Data Security in Google Cloud series — Part 1: Physical data encryption of sensitive data using Cloud DLP and KMS

Published in

Google Cloud - Community

17 min readJun 7, 2023

Many companies that are uploading their data to the cloud, are being required to do so securely and make sure that any data containing sensitive information such as Personally Identifiable Information (PII) is properly handled and de-identified in the cloud by using different data securitization techniques like tokenization, masking or encryption. The use of encryption is becoming increasingly important as businesses and individuals collect and store more sensitive data. Encryption can help to protect this data from unauthorized access, use, or disclosure. As the number of governments around the world enforcing these rules through legislation increases, adopting a practice of inspecting data for PII and properly handling and securing it in the cloud becomes of paramount importance. This article provides an example of how to use Google Cloud’s Data Loss Prevention and Key Management System services within a data pipeline created with either Cloud Data Fusion or Dataflow, to inspect a field in a file in Cloud Storage for a National ID (in this case a Chilean National ID or “Cédula De Identidad”), and encrypt those IDs prior to inserting them into a table in BigQuery. The data is physically encrypted in the table so that the sensitive information is secured even in the unlikely event of a data exfiltration, and can later be reversed to its original value, by using the same KMS key.

Overview

Data Loss Prevention (DLP) is Google Cloud’s Data Loss Prevention (DLP) is a suite of services that helps you find, classify, and protect sensitive data across your Google Cloud resources, on streams of data, structured text data stored in files or tables in BigQuery, even on unstructured data such as images. DLP can help you comply with data protection regulations, prevent data breaches, and ensure the security of your data.

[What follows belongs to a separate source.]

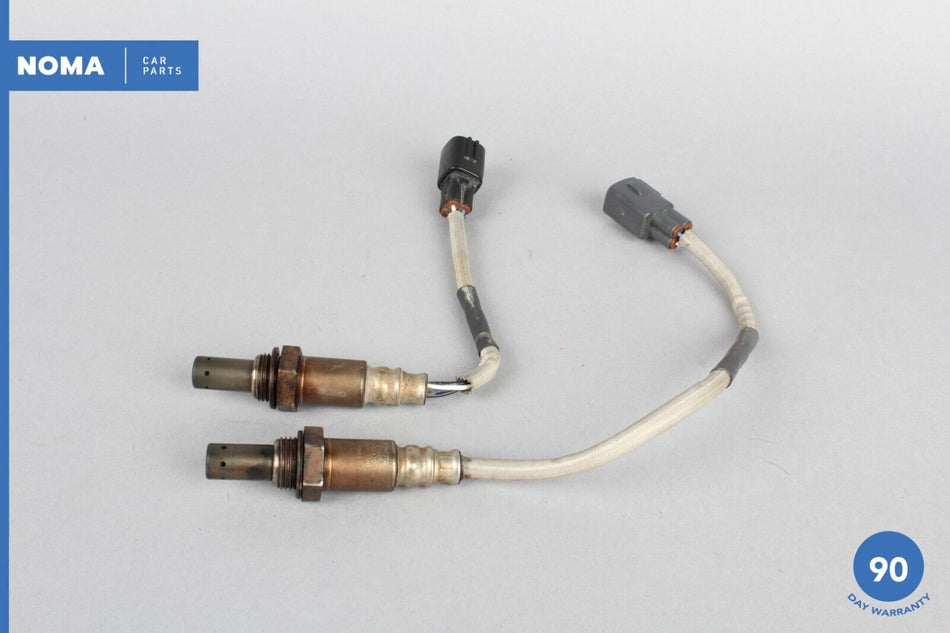 07-12 Lexus ES350 XV40 Downstream Oxygen O2 Lambda Sensor Set of 2 OEM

DLP has a variety of features to help you protect your data, these features include:

Inspection: DLP can scan your data for sensitive data using a variety of methods, including dictionaries, regular expressions, and contextual elements.
Classification: DLP can classify sensitive data into categories, such as financial data, PII data, and intellectual property.
De-identification: DLP can remove sensitive data from your data without impacting its utility. This can be done by redacting, masking, or encrypting the data.

DLP uses a variety of methods to identify sensitive data, including:

Pattern matching
Machine learning
Custom dictionaries

Also, Google Cloud DLP provides a predefined set of categories of sensitive information that can be used to create DLP policies, that are called Infotypes. Google has already setup over 150 infotypes that can identify sensitive data including things like credit card numbers, Social Security numbers, National IDs, and email addresses and provided for you out-of-the-box.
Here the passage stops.